Martyn’s insights were a good catalyst for some meaningful discussion by PNG Attitude readers. CUMA’s Lydia Kailap summed up well:
Martyn has a greater understanding of life in PNG than any of the pampered big men who live in their insulated luxury. Honestly, the street boys of PNG have far more to offer than the Fat Cats. The most valuable natural resource that Papua New Guinea has is going to waste on the street; like Martyn. These people have nothing left but the human spirit to carry on and survive; to make something of themselves against the odds. Because of their suffering they have first-hand knowledge of what is going on in PNG and know what they need.
I agree with Lydia that our marginalised youth and young adults know more about what life is in PNG today than the Prime Minister, Cabinet and Opposition. The politicians and many community leaders are so caught up in their own world that they have allowed the system to badly fail Martyn and a growing number of young intelligent, displaced and marginalised neotribalists.
Every day I see and talk to young people like Martyn in my neighbourhood and on my daily walks on the streets of Mosbi. Some of my urban nephews and nieces are similarly caught out in this vicious trap. They say their family and village kinship links have grown weak and relations with the homefolks have eroded over the years their parents have lived in an urban area. They find comfort in a setting they are used to, and not the village.
It’s a real paradox in PNG. Resource rich but cash poor. Why should a country so blessed be saddled with a situation where it sends people to the streets to survive. They become the forgotten people. Many die still in their prime.
Martyn is one of a growing number of young intelligent people pushed out to the margins of mainstream PNG society. What’s the point of an expensive education to Grade 12 when the government cannot create jobs for the neotribalists hitting the streets in their thousands every year?
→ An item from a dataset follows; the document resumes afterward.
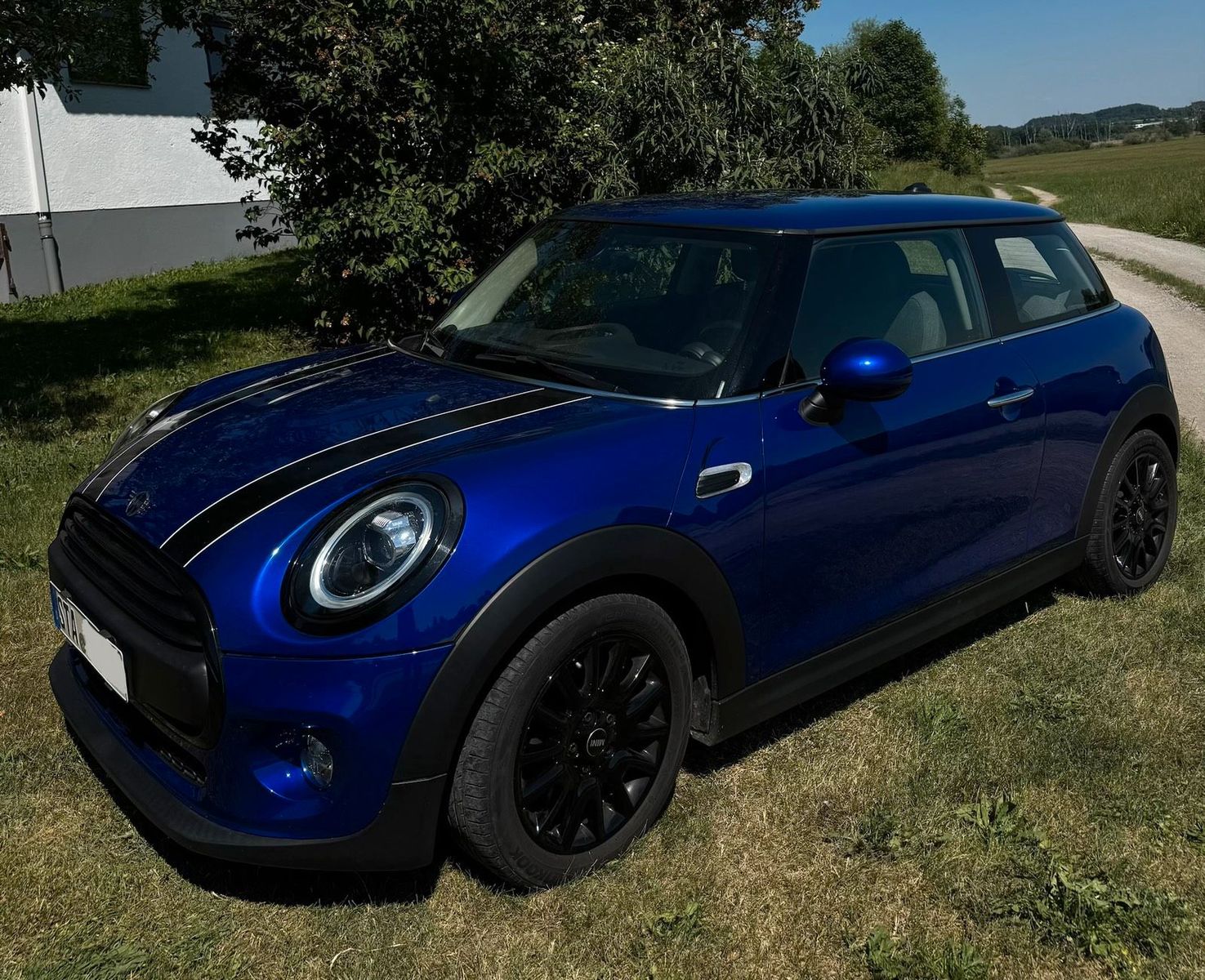 MINI MINI One F56 Automatik, TÜV NEU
What a sad state of affairs we have and what a bleak future for young PNGeans when the politicians have no answers. So, in the final analysis, it’s not the government but the citizens who must organise themselves better from here on to change the country’s future.
The future now lies in the hands of its neotribalists whether working or still searching for that “something”. They all have an important part to play in what PNG will become in future. Yes, the heart of a nation lies in the hands of its people!